Carlos IV, por Vicente López. Museo de Bellas Artes de Valencia.

   Poco podía hacer el nuevo rey. Si el padre llenó la Capital, y el país todo, de carreteras, edificios, monumentos, puertas, fuentes…, el hijo no podemos decir que siguiera el ejemplo paterno, al menos en su misma medida. Quizá no pudo, y si pudo no quiso. Si el padre pavimentó calles, implantó medidas higiénicas en la vía pública, el hijo se desentendió de dichas ordenanzas, y el Concejo de la Ciudad, ante lo gravoso del asunto, acabó reduciendo la recogida de basuras y limpieza al punto de que Madrid recuperó los nauseabundos aromas de los tiempos de Fernando VI.

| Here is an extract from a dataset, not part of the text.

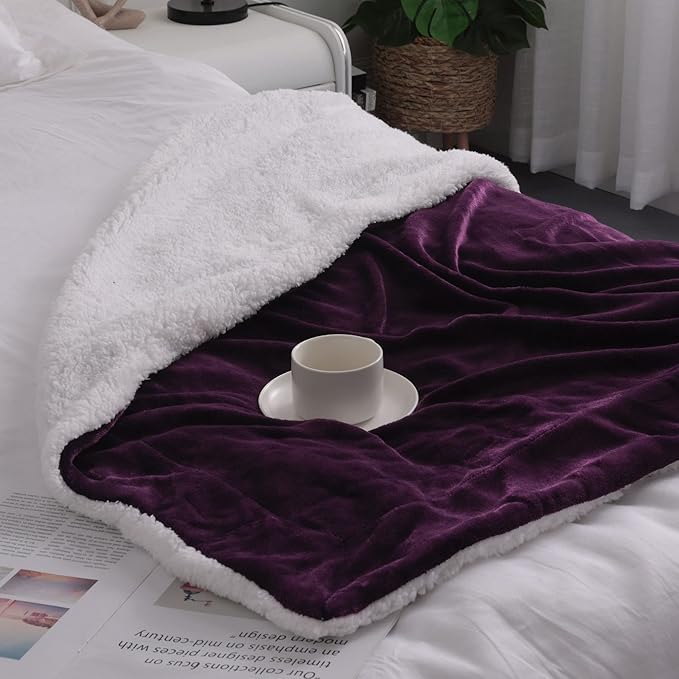 NANPIPER Baby Sherpa Blanket,Warm Toddler Throw Blanket,Soft Newborn Fleece Blanket for Winter (Purple,30x40 inches)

   El rey que añadía una unidad más al ordinal usado por su padre del mismo nombre, no pudo hacer menos por su Nación, dedicándose, sin ejercer de rey, simplemente a serlo, pues en realidad lo segundo más grato al rey Carlos de todo cuanto hacía, que era bien poco, era cazar. Lo primero, y sólo por ir delante en el orden cronológico, era encogerse de hombros.

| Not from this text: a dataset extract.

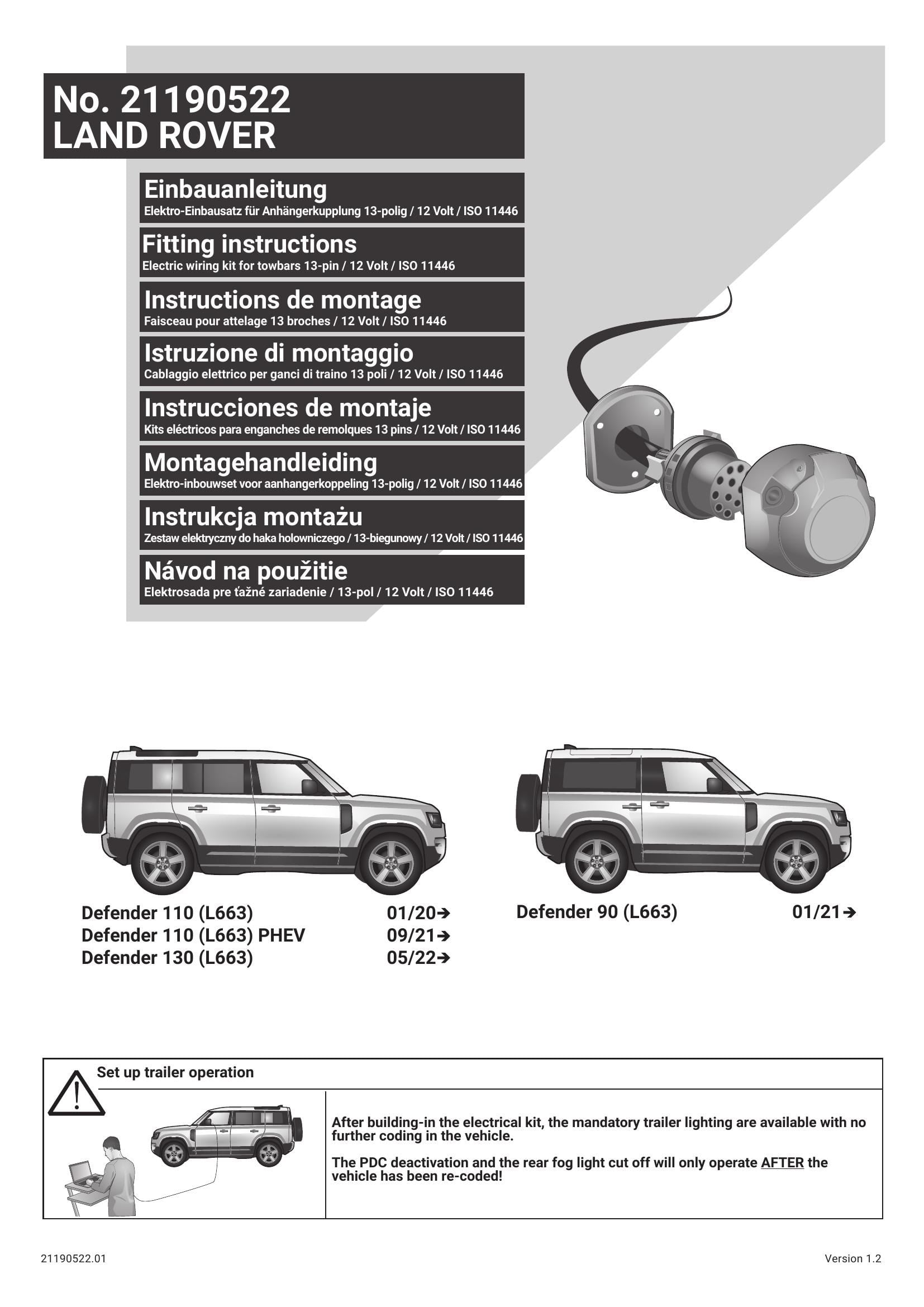Land Rover Defender L663 13 Pin Orijinal Tesisatı (2020→)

   Bien diferentes eran las respuestas del padre a las del hijo. Aquél, cuando llegaban a sus oídos las críticas a sus medidas higiénicas implantadas respondía: “Son como niños, cuando se les lava, lloran”. Sin embargo el hijo…, veamos, veamos algunas respuestas del hijo cuando las gentes de Madrid empezaron a protestar, y con razón.

   Era en la Villa y Corte muy deficiente el suministro de agua. Su abastecimiento a través de canalizaciones producía largas colas e inevitables altercados. Un cortesano despachando con el rey, le advirtió sobre dichos problemas de suministro. El rey se encogió de hombros, y dijo: “¿Y qué quieren que haga yo? Un rey no puede hacer milagros”, y se fue a cazar. En otra ocasión encontró sobre su escritorio, no se sabe quién pudo dejarla allí ni si con intención de herirlo o de hacerle comprender la realidad y estimular su amor propio, unas coplillas que decían:

                                  ¿Quién está cuando no estoy?
                                  ¡Godoy!
                                  ¿Quién llega cuando me voy?
                                  ¡Godoy!
                                  ¿A quién más cargos le doy?
                                  ¡A Godoy!
                                  ¿Quién manda en España hoy?
                                  ¡Mi esposa!
                                  ¿Y quién manda a mi esposa?
                                  ¡Godoy!
                                  ¡Que tiene gracia la cosa,
                                  pues sólo de nombre soy
                                  el rey, que lo es Godoy!

   Y al terminar de leerlas dijo: “Ya me decía mi padre que los madrileños son muy imaginativos y muy mal pensados”, y se fue a cazar, otra vez.

   Y mientras, Godoy, uno de los miembros de esa “Santísima Trinidad en la tierra”, que decía María Luisa eran Carlos, Manuel y ella misma, hacía y deshacía, era amado por sus benefactores y odiado cada vez más por el pueblo y por Fernando, el príncipe de Asturias, que había heredado todas las carencias de su piadoso, sensible y bondadoso padre y ninguna de sus virtudes.